When my husband said this to me, we were sitting in a restaurant waiting for lunch to arrive. It was the tail end of a great weekend at the beach and I was off in my own world.

Withdrawal. Shutdown. You’ll hear people with Asperger’s use different words for the disappearing act we perform under stress.

For me, withdrawal feels more accurate. The sensory input becomes too much. Too many people, too much noise, too many decisions, too little time to process it all.

Sitting in the restaurant, I felt the telltale signs of withdrawal creeping up on me. The first is a sudden heavy sleepiness. All I want to do is put my head down and close my eyes. Or better yet, curl up in a nice safe place and take a nap. Of course, the urge to withdraw almost always hits at at a time when a nap is impossible and there are no safe places nearby.

The second sign–the one that makes it clear I’m not just overtired–is the sensation of moving through a long tunnel. Everything around me recedes and grows quieter. I feel myself disconnecting from the conversation. It becomes harder to formulate responses and I have no motivation to initiate any interaction.

Once I’ve drifted far enough into the tunnel, I’m quite content to sit and stare off into space, detached from everything that’s happening around me. I feel invisible.

Cumulative Stress

My withdrawals are almost always triggered by cumulative stress. The morning leading up to that lunchtime withdrawal was marked by a series of little frustrations. On any other day, I would have simply rolled with them, but I think two days of being in an unfamiliar environment was silently taking its toll.

The scene of my latest shutdown

Suddenly the music in the restaurant was too loud, the sun was too bright, I couldn’t tune out the conversations at the tables around me, the menu had too many options, none of which looked good. Sitting half in the sun and half in the shade, I was too cold and too hot at the same time. Every time I looked up, the guy at the next table quickly looked away–and I think that was the last straw.
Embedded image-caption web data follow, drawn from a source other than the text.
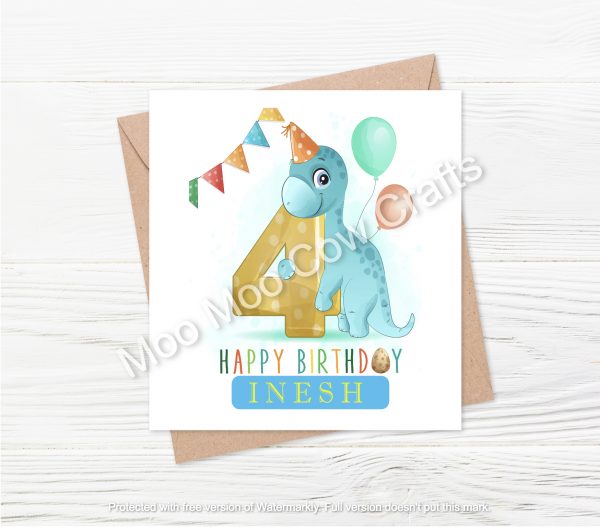 4th birthday dinosaur card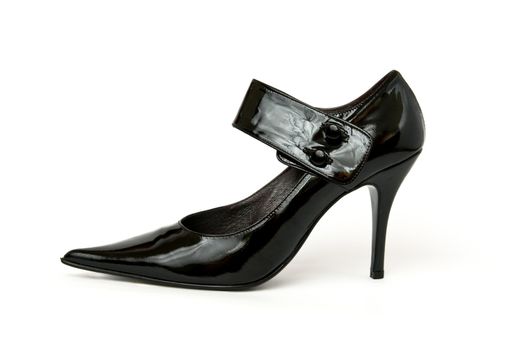 Black high heel shoe isolated on white
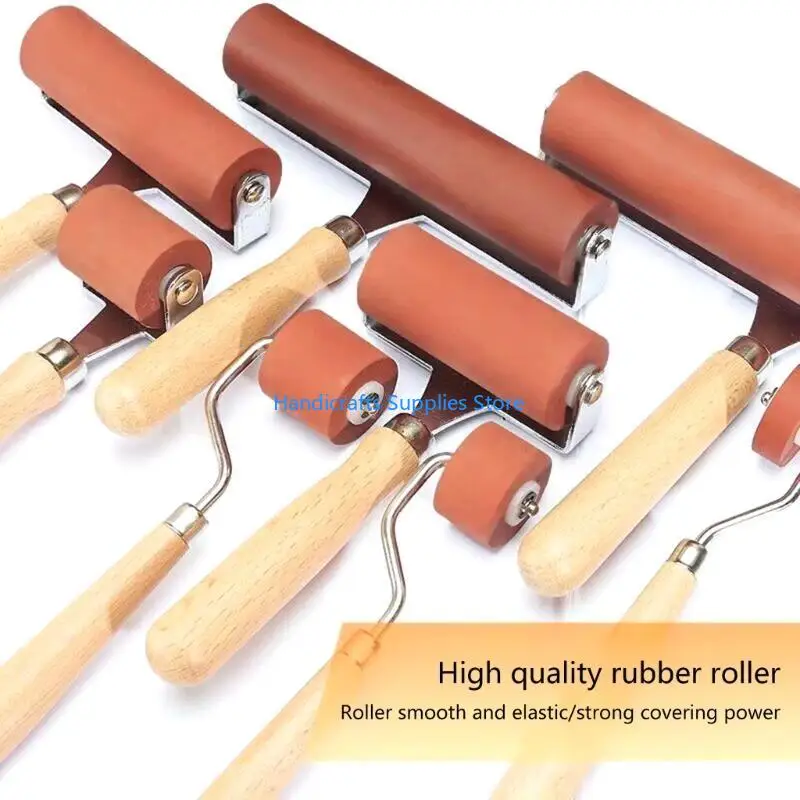 R1WA 1/3Pcs 고무 Brayer 롤러, Printmaking 스탬핑을위한 부드러운 고무 롤러 나무 손잡이 인쇄 롤러 고무 Brayer 도구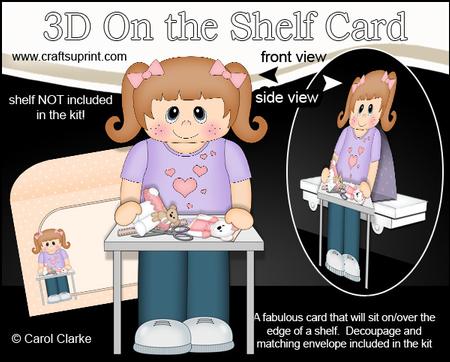 3D on the Shelf Card Kit - Little Crafter Girl Effe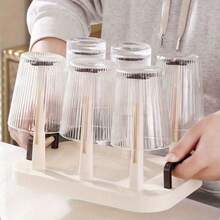 1pc Space-Saving Plastic Cup Drying Rack, Bar Accessory, Coffee Cup, Cup Drying Rack, Large Capacity Dust-Proof Inverted Cup Holder, Suitable For Countertop, Fits Glass And Plastic Cups, Cup Drying Solution | Modern Cup Rack | Inverted Design - Multicolor - View 4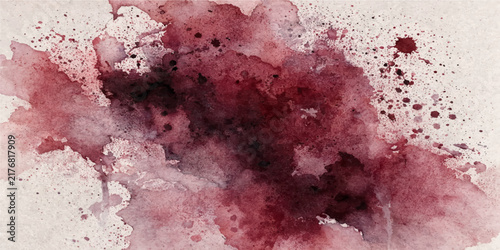 Abstract deep red watercolor splash background with paint splatters texture for artistic creative design elements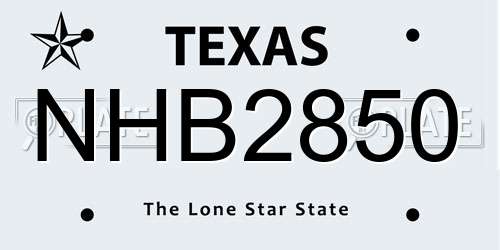 NHB2850 Texas License Plate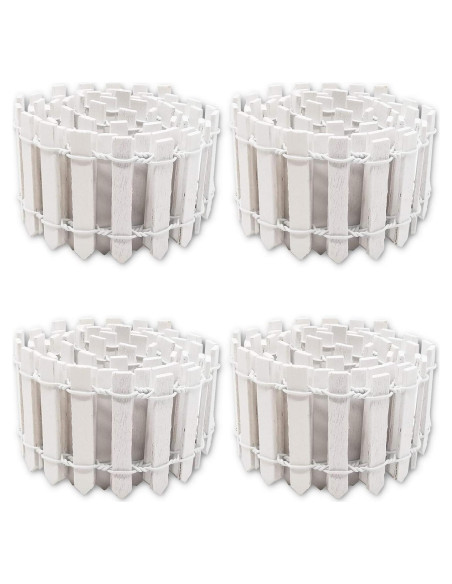 4 Piezas Cerca de Jardín Miniatura ROYHOO 89.9x5 cm Blanca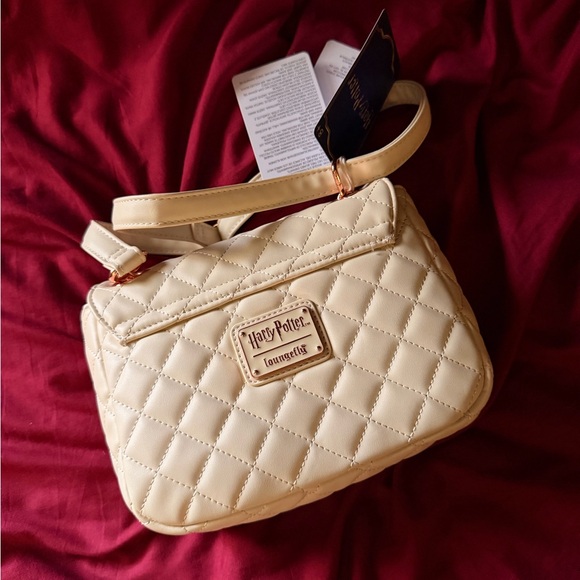 Loungefly Cream Quilted Crossbody with Colorful Enamel Charms - Picture 3 of 8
Lately I’ve been thinking a lot about why I frequently catch people staring at me, often repeatedly over the course of a meal or a train ride. So off went my perseverative brain, puzzling over that question again. Then–bam–the sleepiness rolled in and next thing I knew I was slipping into the tunnel.

Going Offline

Contrary to how it must look externally, when I’m withdrawn I’m not sad or depressed. Sometimes a withdrawal is triggered by anxiety but sometimes it’s triggered by having too much fun. Whatever the trigger, a withdrawal is always the result of being overwhelmed.

Once I’ve disappeared, though, the dominant feeling is one of comfortable blankness. Relief.

Withdrawing or shutting down is obviously a defense mechanism. My brain decides that the processing demands of my environment have become too high and it takes some resources offline for a while. The withdrawal itself is restorative, a sensory timeout, but it’s not voluntary and even when I know it’s happening, there’s little I can do to stop or control it.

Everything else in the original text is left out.